§ SUPPLIED ENTRIES:
┌────────
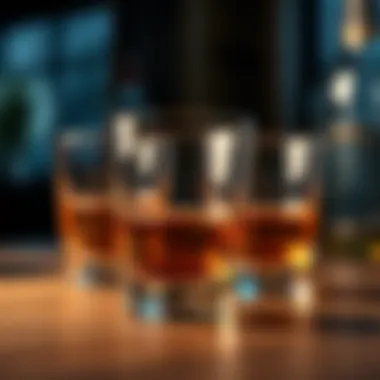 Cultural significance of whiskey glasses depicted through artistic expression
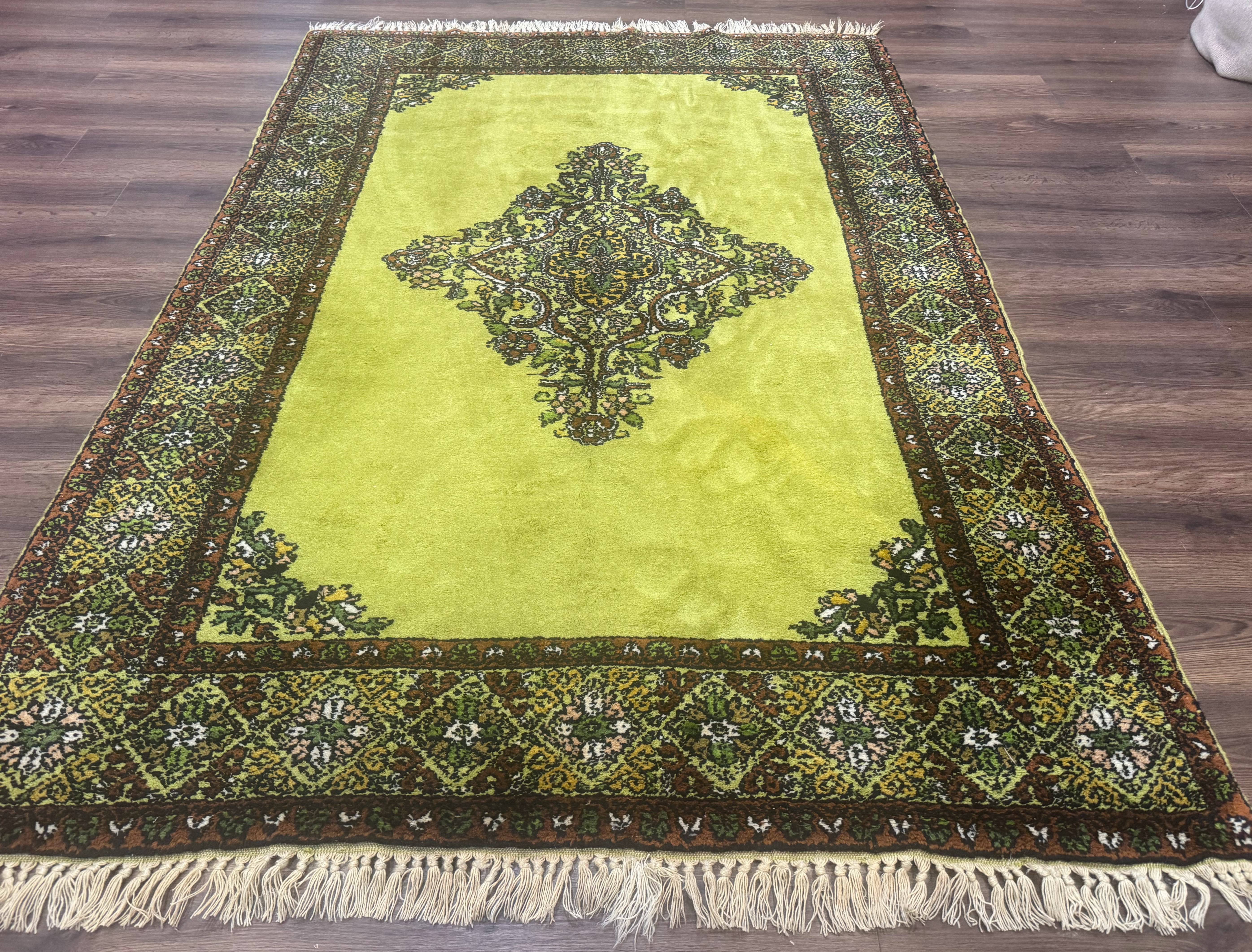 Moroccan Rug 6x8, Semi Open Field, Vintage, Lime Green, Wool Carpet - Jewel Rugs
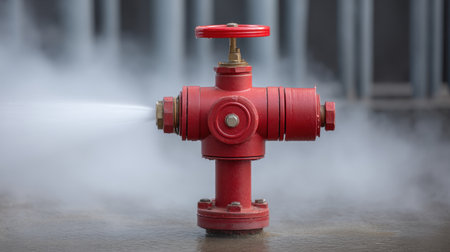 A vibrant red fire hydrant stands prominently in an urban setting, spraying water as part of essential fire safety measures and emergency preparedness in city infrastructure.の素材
└────────
┌────────
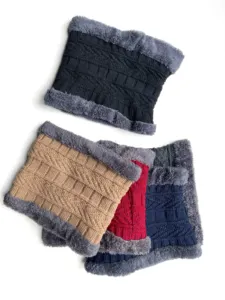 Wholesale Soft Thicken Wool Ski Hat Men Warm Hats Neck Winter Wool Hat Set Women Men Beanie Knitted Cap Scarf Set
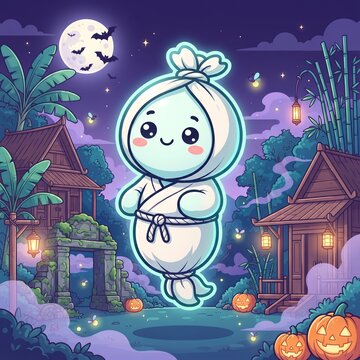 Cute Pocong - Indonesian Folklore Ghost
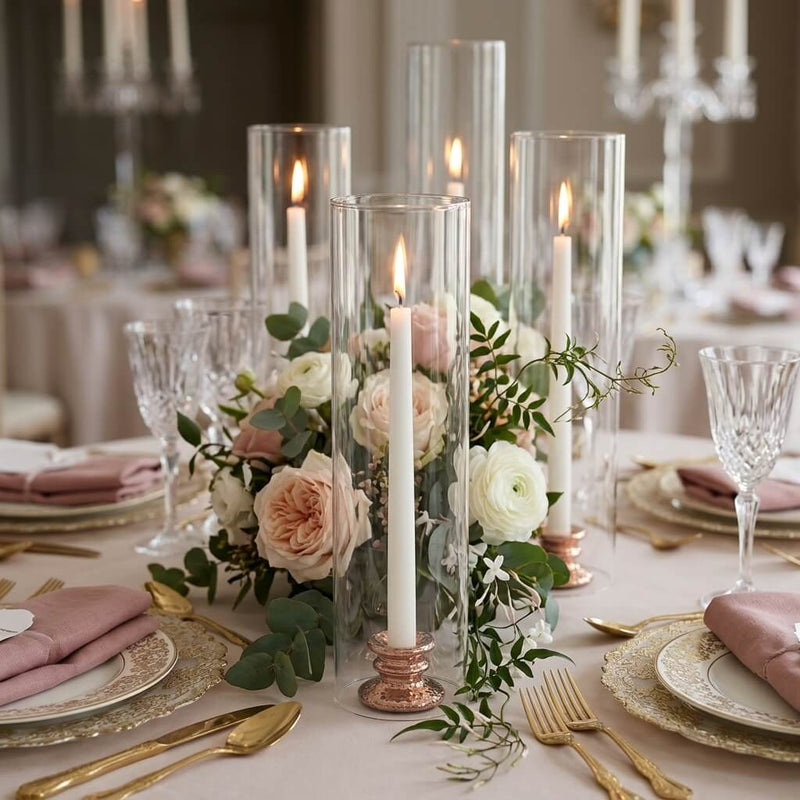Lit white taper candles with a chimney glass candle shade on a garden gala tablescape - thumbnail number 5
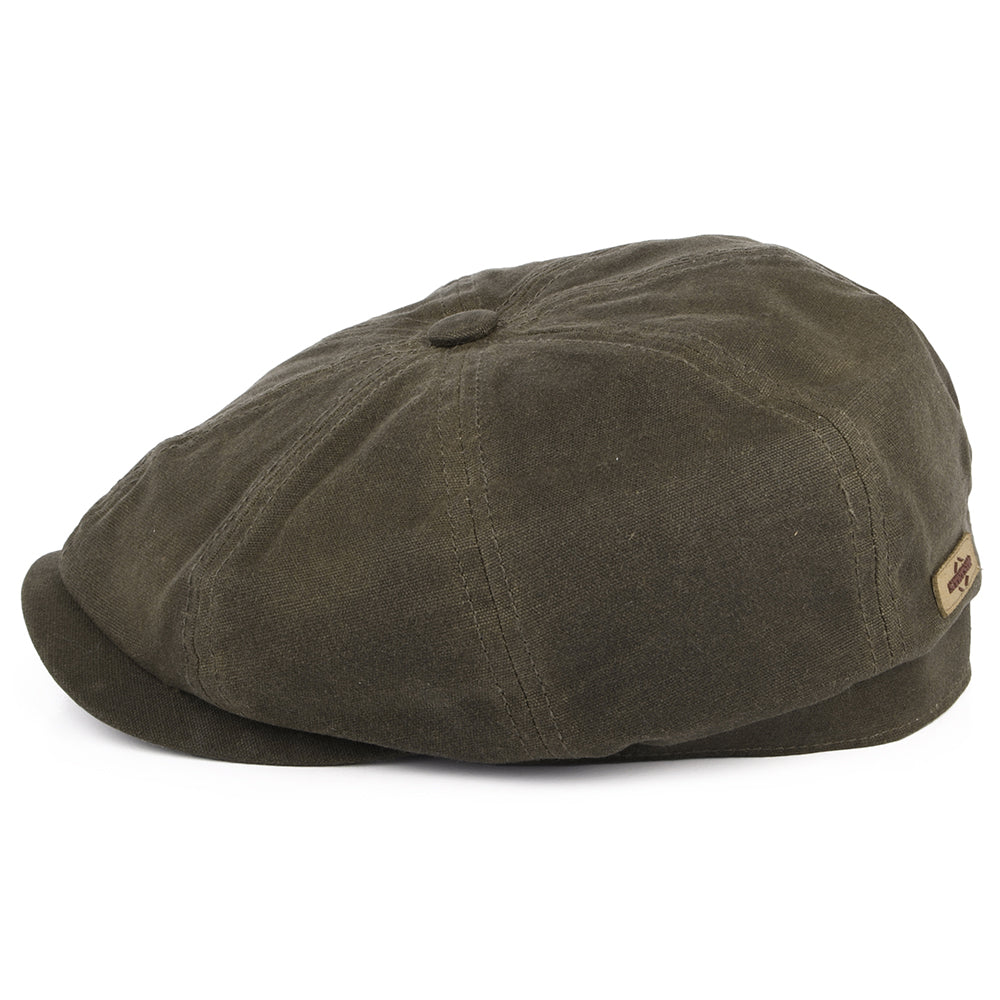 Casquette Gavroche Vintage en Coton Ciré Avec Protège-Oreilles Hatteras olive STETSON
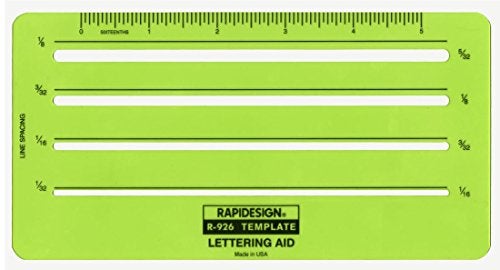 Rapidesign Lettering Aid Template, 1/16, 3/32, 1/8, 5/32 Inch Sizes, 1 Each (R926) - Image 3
└────────
┌────────
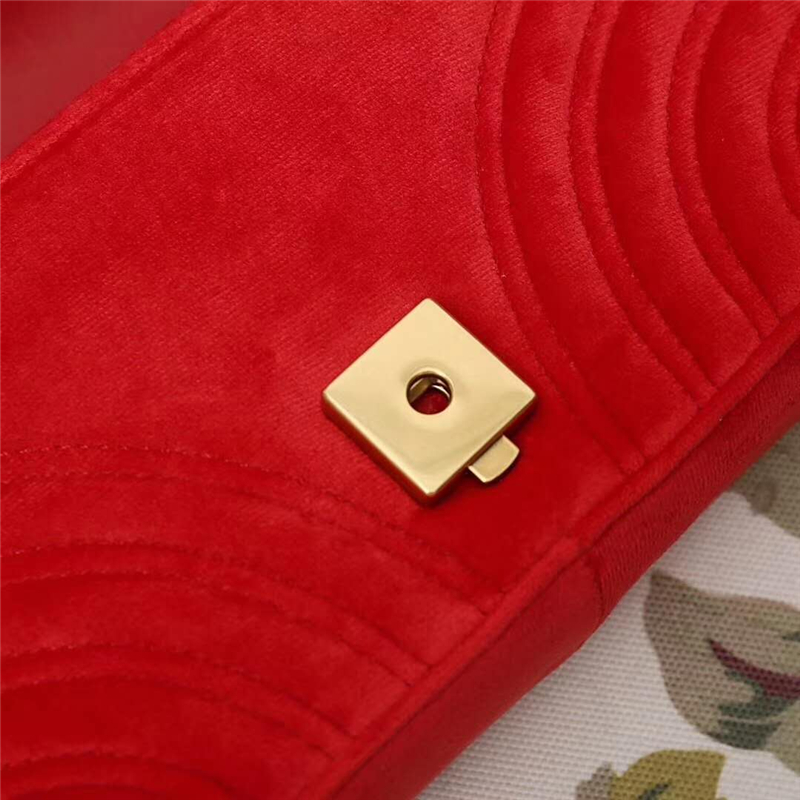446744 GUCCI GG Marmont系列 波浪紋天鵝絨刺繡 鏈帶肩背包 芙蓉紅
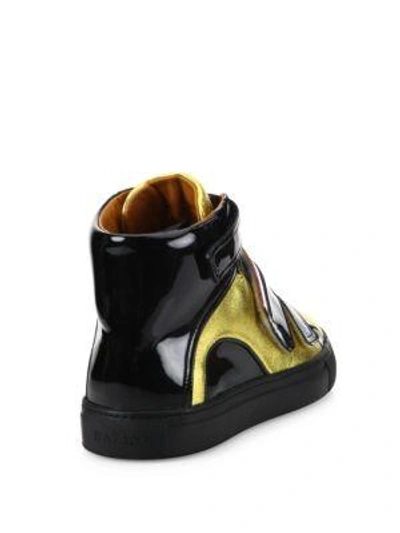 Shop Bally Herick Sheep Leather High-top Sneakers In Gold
└────────
§ WHAT YOU WILL DO:
Using the records above, print exactly the lines between the ones containing "Cute Pocong - Indonesian Folklore Ghost" and "Casquette Gavroche Vintage", inclusive, and nothing else; no pictures.

§ OUTPUT OF THE TASK:
 Cute Pocong - Indonesian Folklore Ghost
Lit white taper candles with a chimney glass candle shade on a garden gala tablescape - thumbnail number 5
 Casquette Gavroche Vintage en Coton Ciré Avec Protège-Oreilles Hatteras olive STETSON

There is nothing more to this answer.